Fast upload of textures on OMAP3

A slightly different issue to my earlier thread…





Is there some faster way to blit to SGX texture memory on OMAP3 than glTexImage2D? Since the GPU memory is shared this seems like a good candidate for a platform specific extension. If not, is it expected that glTexImage2D should be extremely slow? Uploading a 256x256 RGBA (native) texture at 60fps is using almost all the CPU bandwidth. My application is all about dynamic textures. I guess folks doing video must have run into this?





Thanks





Rob





I instrumented my application a little to confirm where the huge dynamic texture overhead is and got some unexpected results. First, I confirmed that my frame update loop runs much too slowly when uploading a new texture every frame:





Texture Size   Frame Update Time


128x128        3.78ms


256x256        17.5ms


512x512        38.2ms





So then I timed the call to glTexImage2D which uploads the texture:





Texture Size   Upload Time


128x128        0.4ms


256x256        1.8ms


512x512        10.5ms





Not fast, but nothing like as bad as I was expecting. I timed the code that generates the texture for each frame:





Texture Size   Render Time


128x128        0.18ms


256x256        0.7ms


512x512        2.7ms





No problem there. So then I timed the geometry plotting code, which plots a vertex array containing two triangles.

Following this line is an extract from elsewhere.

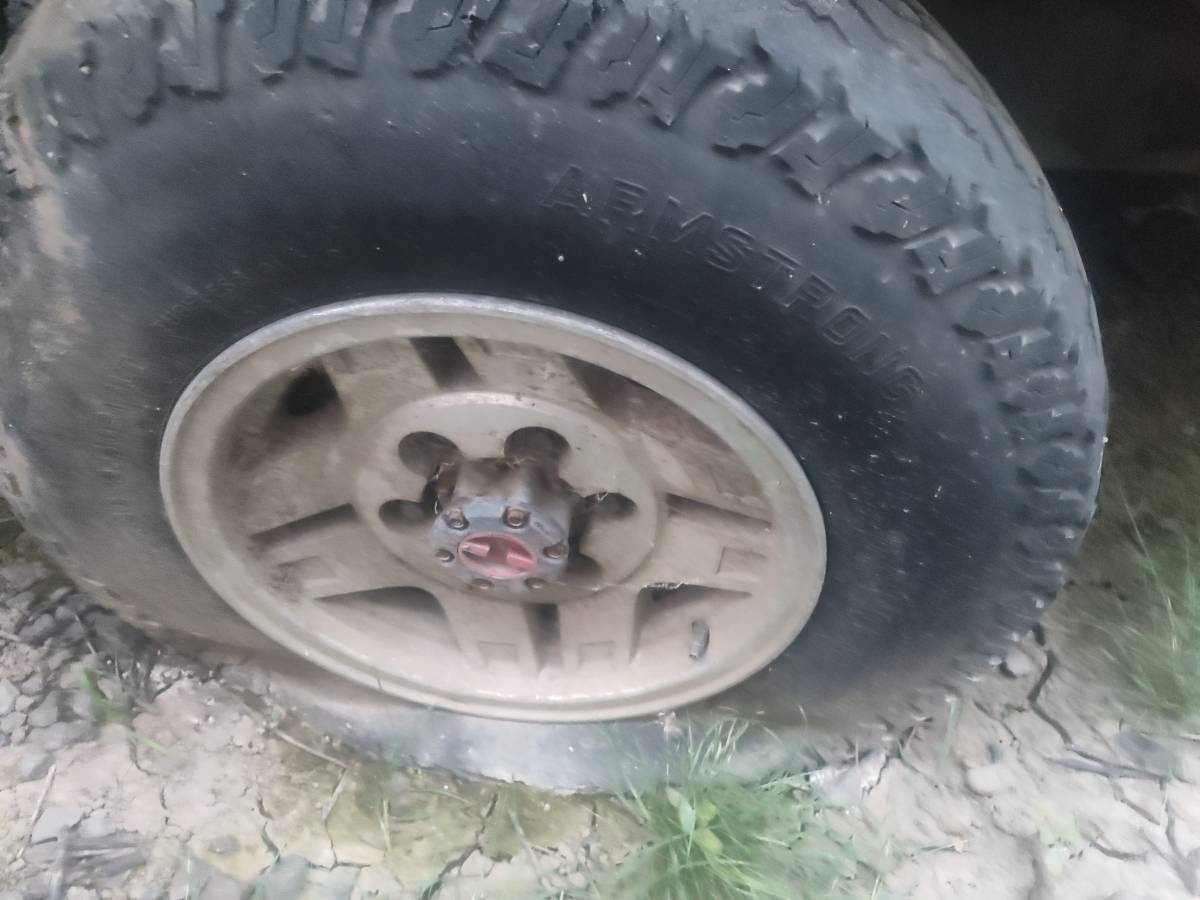 Toyota-pickup-4x4-1987-grey-5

All the calls were immeasurably fast except for glDrawArrays:





Texture Size   Draw Array Time


128x128        3.2ms


256x256        15ms


512x512        25ms





If I don’t upload a new texture this call is immeasurably fast.

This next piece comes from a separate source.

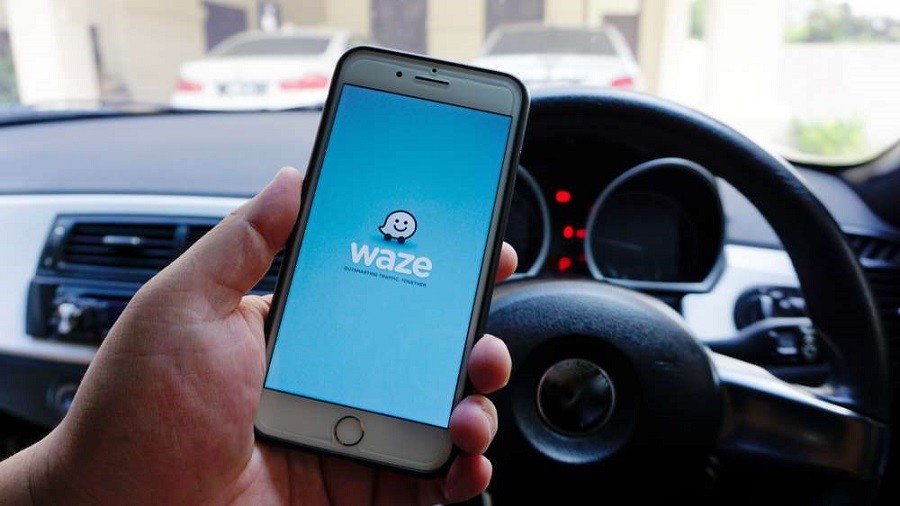 How To Use And Download Waze App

I’d assumed that the big performance hit was uploading the texture, but it looks like it’s actually in plotting the geometry. Can anyone give me some guidance on what’s going on, and what I could do about it? I’d guess the texture upload has messed up the pipeline, but I didn’t expect to see such a massive hit proportional to the size of the texture. Possibly this is my ignorance of OGL-ES. I’m using the 1.1 vertex shader by the way.





One final thought. I’m forced to use a R5G6B5 framebuffer due to issues between the SGX driver and the latest omap DSS driver. The textures are RGBA - there’s no way to upload in R5G6B5 that I’m aware of. Could there be some issue with translation?





Any suggestions appreciated.





Cheers





Rob





OpenGL loads textures in a lazy fashion - that is, the actual loading of the texture to be used doesn’t occur until the texture is used. In this case it doesn’t happen until the call to glDrawArrays that you’ve measured. When you call this again with the same texture there is no load overhead and so the call is, as you say, immeasurably fast.





During the texture load the data is optimized for the GPU by the drivers which is why you’re CPU bandwidth is being used up. Sadly, there is no way to bypass this through GL. It may be worth contacting Texas Instruments about an alternative path for this issue.





I’m not sure what you mean by there being no way to upload RGB565. There is code in our PVRTools that does just that - it’s just another texture format supported by GL. If you’re producing RGBA8888 data you will need to convert this to RGB565 first (I posted about this here: https://www.imgtec.com/forum/forum_posts.asp?TID=227). PVRTexTool will generate all of the OpenGL texture formats so you can use this to examine the quality of image you’ll be achieving on your development machine and see which formats are available. Using lower bandwidth texture formats is generally a performance win, but I’m not certain you will see a great improvement here, however.





Hi Gordon, I wonder if you could answer a couple of questions for me…





We have a project which we are writing for the entire iPhone range. We have texture uploading pretty much about where we want it on the 3GS, and are getting there with the earlier iPhone / iPods.





I have read pretty much all the info out there wrt to texture uploads, and the problems people are facing, so am fairly familiar with the problems / methods you all describe above.





At the moment we are uploading 16px16p texture tiles in 4x4 batches, so 64px64p blocks. These are either in RGB888 or RGBA8888 format. By staging uploads and batching etc. we have managed to smooth this on the GLES1.1 iPhone / iPods.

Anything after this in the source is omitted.